Of note, some discrepancies exist between our study and the study by Toledo et al. [38]. Although sample size, disease severity and applied methods were comparable, Toledo and colleagues found a moderate correlation between RNFL and cognitive impairment in several cognitive domains, whereas our data did not show this correlation. This is most likely explained by the heterogeneity of the disease but should serve as a reminder that our results should be confirmed in a different cohort.

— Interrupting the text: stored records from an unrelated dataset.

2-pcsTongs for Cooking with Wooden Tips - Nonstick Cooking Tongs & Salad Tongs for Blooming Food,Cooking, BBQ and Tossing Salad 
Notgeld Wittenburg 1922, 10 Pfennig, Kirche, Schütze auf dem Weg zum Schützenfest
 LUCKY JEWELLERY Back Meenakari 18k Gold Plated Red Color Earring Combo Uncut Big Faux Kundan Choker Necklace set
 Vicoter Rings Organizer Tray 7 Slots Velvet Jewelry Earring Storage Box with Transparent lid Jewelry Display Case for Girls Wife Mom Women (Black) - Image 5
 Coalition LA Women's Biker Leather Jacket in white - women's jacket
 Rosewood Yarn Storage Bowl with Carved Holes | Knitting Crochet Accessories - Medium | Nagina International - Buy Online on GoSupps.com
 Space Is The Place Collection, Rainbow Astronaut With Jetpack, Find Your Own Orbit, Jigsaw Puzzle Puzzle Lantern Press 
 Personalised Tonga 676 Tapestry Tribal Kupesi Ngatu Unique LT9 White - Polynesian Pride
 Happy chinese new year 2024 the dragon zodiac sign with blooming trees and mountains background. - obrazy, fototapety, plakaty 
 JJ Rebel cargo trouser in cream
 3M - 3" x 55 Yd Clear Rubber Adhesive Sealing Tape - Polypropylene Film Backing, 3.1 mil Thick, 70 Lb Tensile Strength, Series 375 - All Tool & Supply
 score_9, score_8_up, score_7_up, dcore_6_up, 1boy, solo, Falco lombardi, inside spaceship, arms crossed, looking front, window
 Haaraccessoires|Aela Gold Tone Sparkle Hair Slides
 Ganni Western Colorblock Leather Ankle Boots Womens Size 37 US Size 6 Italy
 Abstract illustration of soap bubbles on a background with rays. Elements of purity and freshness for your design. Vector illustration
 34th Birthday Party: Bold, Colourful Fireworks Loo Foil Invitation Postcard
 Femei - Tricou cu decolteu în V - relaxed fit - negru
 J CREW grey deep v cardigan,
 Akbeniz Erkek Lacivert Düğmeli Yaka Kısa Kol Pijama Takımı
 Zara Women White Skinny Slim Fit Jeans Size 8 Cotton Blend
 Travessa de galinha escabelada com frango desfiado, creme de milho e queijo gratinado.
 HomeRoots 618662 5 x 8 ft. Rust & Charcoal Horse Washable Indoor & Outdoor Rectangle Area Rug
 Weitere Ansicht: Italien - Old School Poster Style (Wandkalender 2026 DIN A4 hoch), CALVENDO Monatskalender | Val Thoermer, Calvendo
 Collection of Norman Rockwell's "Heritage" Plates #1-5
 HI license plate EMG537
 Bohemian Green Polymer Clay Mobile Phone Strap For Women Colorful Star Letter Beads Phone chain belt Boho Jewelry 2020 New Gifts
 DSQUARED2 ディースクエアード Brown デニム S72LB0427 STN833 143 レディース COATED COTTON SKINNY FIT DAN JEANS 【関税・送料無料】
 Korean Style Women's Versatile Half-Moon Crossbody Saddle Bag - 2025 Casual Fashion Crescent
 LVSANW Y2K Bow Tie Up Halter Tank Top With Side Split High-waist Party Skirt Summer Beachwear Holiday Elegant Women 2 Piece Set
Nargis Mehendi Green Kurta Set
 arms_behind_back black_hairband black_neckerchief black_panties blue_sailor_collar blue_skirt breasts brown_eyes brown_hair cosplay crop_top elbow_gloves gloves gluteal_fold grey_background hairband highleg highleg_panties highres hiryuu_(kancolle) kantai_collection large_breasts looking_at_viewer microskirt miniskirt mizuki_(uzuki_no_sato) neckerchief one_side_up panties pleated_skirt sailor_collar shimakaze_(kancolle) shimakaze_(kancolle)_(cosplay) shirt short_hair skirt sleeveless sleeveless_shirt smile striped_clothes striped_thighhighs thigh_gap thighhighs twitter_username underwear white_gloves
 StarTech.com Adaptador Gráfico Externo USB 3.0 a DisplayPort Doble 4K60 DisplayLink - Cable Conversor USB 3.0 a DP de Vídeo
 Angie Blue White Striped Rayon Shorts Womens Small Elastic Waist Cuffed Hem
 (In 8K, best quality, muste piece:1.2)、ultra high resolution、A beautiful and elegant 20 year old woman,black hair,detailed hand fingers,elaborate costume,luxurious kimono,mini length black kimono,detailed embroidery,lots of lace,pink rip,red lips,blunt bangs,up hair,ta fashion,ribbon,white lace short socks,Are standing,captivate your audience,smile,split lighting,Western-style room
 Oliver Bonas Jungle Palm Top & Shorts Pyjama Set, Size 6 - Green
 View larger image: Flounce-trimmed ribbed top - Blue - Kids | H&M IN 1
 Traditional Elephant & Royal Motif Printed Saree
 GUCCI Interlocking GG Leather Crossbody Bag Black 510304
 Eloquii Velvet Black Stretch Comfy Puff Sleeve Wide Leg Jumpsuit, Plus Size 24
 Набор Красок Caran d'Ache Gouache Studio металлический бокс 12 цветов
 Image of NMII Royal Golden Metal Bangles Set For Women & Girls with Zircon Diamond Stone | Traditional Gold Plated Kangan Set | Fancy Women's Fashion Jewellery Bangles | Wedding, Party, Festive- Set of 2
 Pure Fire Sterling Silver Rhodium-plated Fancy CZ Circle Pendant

Our findings are relevant both for clinical trials and clinical practitioners. Visual and cognitive impairment are key determinants of disease burden in MS, and ascertaining the impairment of both is important in the assessing of any new immunomodulatory or symptomatic therapy [47]. Although the correlation between cognitive and visual function in our study was only moderate (less than 6% of CS test variance could be explained by cognitive dysfunction based on BRB-N, 12% based on SDMT), the effect might prove highly relevant in longitudinal observations, when changes in cognitive function might manifest as changes in visual test performances. For example, a reduction in cognitive performance could present as a change in visual function. Vice versa, an improvement in cognitive function after an acute relapse could also translate into improved visual function test results [48]. When applying low contrast sensitivity testing as outcome measure in clinical trials [49], careful investigation of possible confounders from cognitive impairment is therefore warranted. Of note, the shown correlation between cognitive performance and visual test results does not prove a causal relationship. This cross-sectional pilot data has therefore only a limited explanatory power. A longitudinal study is therefore currently underway.

Conclusion

In summary, our study shows that visual and cognitive function are closely linked in MS. Specifically, cognitive impairment might bias the results of challenging tasks designed to assess visual acuity, such as those based on low contrast visual acuity testing. This correlation is not only a result of overall disease progression, but is strongly dependent on both visual and cognitive function per se since the effect persisted after correcting for actual morphological damage to the visual system.